**Work instruction:** Copy the data that follows, character for character, minus the pictures.

**Provided data:**
________

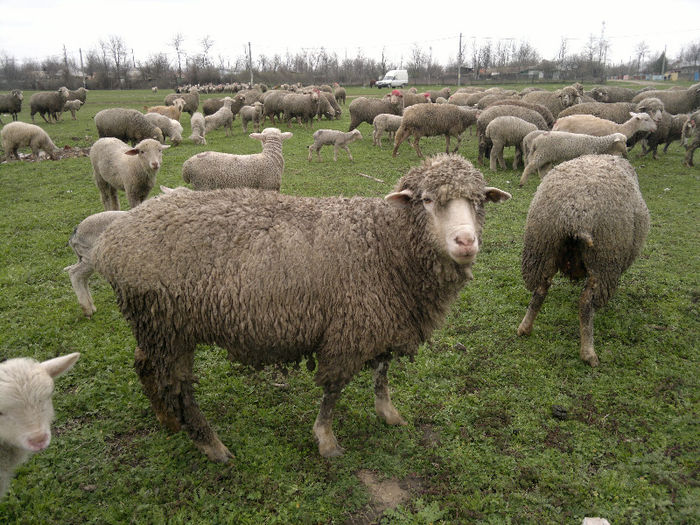 070420131193 - Merinos de Palas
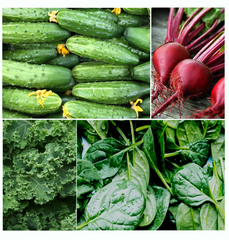green smoothies seed kit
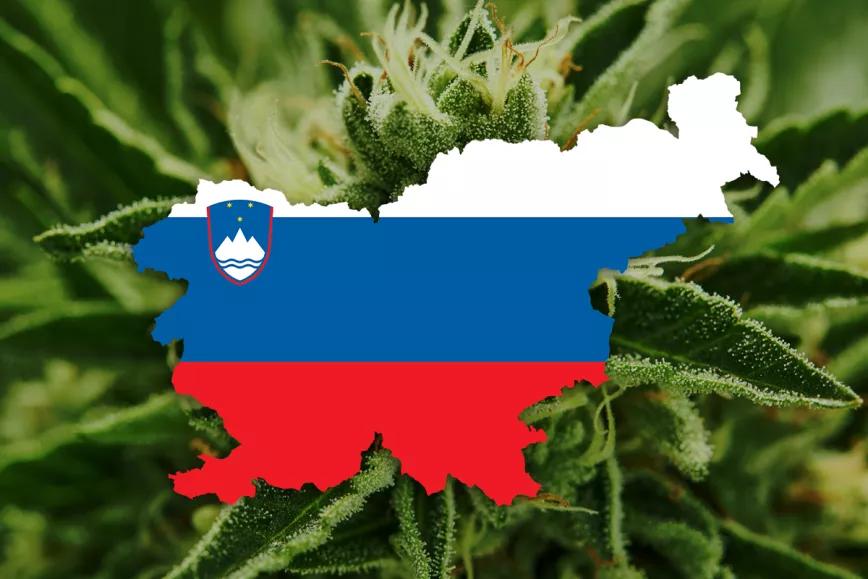 Se viene la legalización del cannabis en Eslovenia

________

**Response for this exercise:**
 070420131193 - Merinos de Palas
green smoothies seed kit
 Se viene la legalización del cannabis en Eslovenia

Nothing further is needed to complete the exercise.